兄を喪ったあの日よりずっと、僕は世界に問い続けてきました。『何故貴方は僕を生かしたのですか』と。
枯葉が散り、雪が積もり、蝶が舞って。……四季がひと通り過ぎ去った頃から、半ば諦めていたけれど。
僕は今、漸くその答えに辿り着きました。――……愛しています、御姉様。僕の守るべき尊い御方。
僕は……須和葵衣は、貴女と出逢う為に。貴女に恋をする為に、今日この瞬間までを生きてきたのです。

Character

すらりと伸びたしなやかな四肢に女性の平均を遥かに越えた身長、時に男性とも間違われる程の低音を響かせるアルト・ヴォイス。平素はシニヨンをサイドへ寄せた形なれど、艶めく射干玉は下ろせば腰元まで届いて。若かりし頃にはモデルとして活動していた母に似た顔立ちは女性的な雰囲気を纏うが、内面を含めて総合的に判じた時、須和葵衣と云う娘は間違い無く”少年的”だった。
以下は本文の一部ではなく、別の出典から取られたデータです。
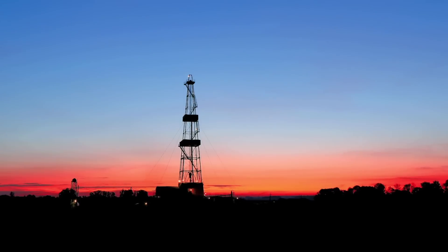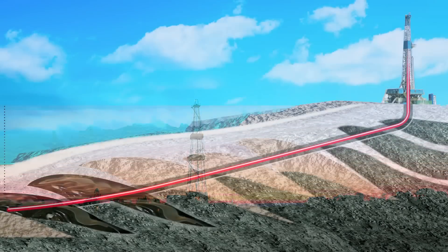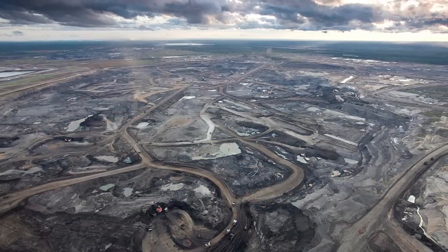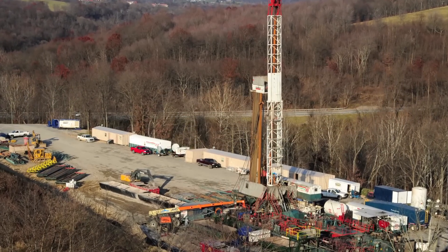The oil and gas industry has evolved from basic primitive shallow vertical land drilling to today's most advanced technologies in directional drilling, extreme subsea production, oil sands extraction, as well as stimulation technologies such as fracking.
生まれは代々多くの医師を輩出してきた須和一族の直系に当たる家の長女にして、須和総合病院の後継者候補の筆頭。一族初の女性理事長の誕生となるであろうとまことしやかに囁かれ、一族内では将来を有望視されている身。その立ち居振舞いは紳士然としてモットーはレディ・ファースト、全ての女性は丁重に扱わ れるべきであり、又扱わねばならぬものと自らに課している。己に対してそう云った扱いをされることは厭うているが、社交の場へ出掛けた際などには避けられぬものだから、終始困った様な笑みを浮かべて。目立つ事を苦手としてはいるものの、生来持つ正義感や責任感に突き動かされて、穏やかな気性からは想像もつかぬ大胆な行動へ出ることも稀に有。――然し。中学時代の須和葵衣を知る者が今の彼女を見れば、皆口を揃えてこう云うだろう。"まるで亡くなったお兄さんのようだ"、と。花洛学園入学以前の彼女は、然して珍しくも無い普通の娘であった。高い身長と低音の声をコンプレックスとし、小柄な体躯や鈴鳴りに似たソプラノ・ヴォイスに憧れを抱いて。生来持つ気質は変わらねど、レディとして扱われれば素直に喜色を示す様な普通の娘。変化の切欠は、ひとつ年上の兄・須和衛の事故死。中学二年生の夏、兄妹が揃って所属していた弓道部の活動を終えた夕刻の事。彼女の眼前にて須和衛はトラックに撥ね飛ばされ、死亡した。後の調べで判明した事に因れば居眠り運転によるアクセルの急な踏み込みが招いた事故だ、彼女に兄が救えた筈も無かったけれど。如何して直ぐ目の前で起きた事故に、全く責任を感じずにいられようか。『 何もできなかった』と云う自責は軈て『何故己が生きているのか』と云う思いへ繋がり、何時しか彼女は亡き兄の代役を務めんとするかの如くその立ち居振る舞いを真似る様になった。そうして大切なひとりの死から立ち直れぬままにそのひとを演ずる傍らで、彼女は、須和葵衣は己のいのちに意味を求め続けている。何故"わたし"は生きているのですか。何故"わたし"が生きているのですか。どうか"わたし"に意味を下さいと、――切に。

First Love

積極的に恋愛をしようと云う気持ちも、したいと云う気持ちもありません。ですが興味は確かに存在しています。……貴女も、ご存知でしょう?玉眼症と呼ばれる病の事を。決して死に至る様な病ではありませんし、発症する年代や性別も限られていて……発症するトリガーも特殊ですから、急ぎ治療法を必要とするものではありませんが。医師を志す身として、如何にも気になってしまって。……ひとりの人間としても、興味はありますよ。人体を変質させてしまう程の強い想いに、身も心をも焦がされるって、どんな心地だろう。叶うなら僕も、感じてみたい。感じて、……いっそ焼き尽くされてしまいたい。それ以外の何物も、考えられなくなってしまう様に。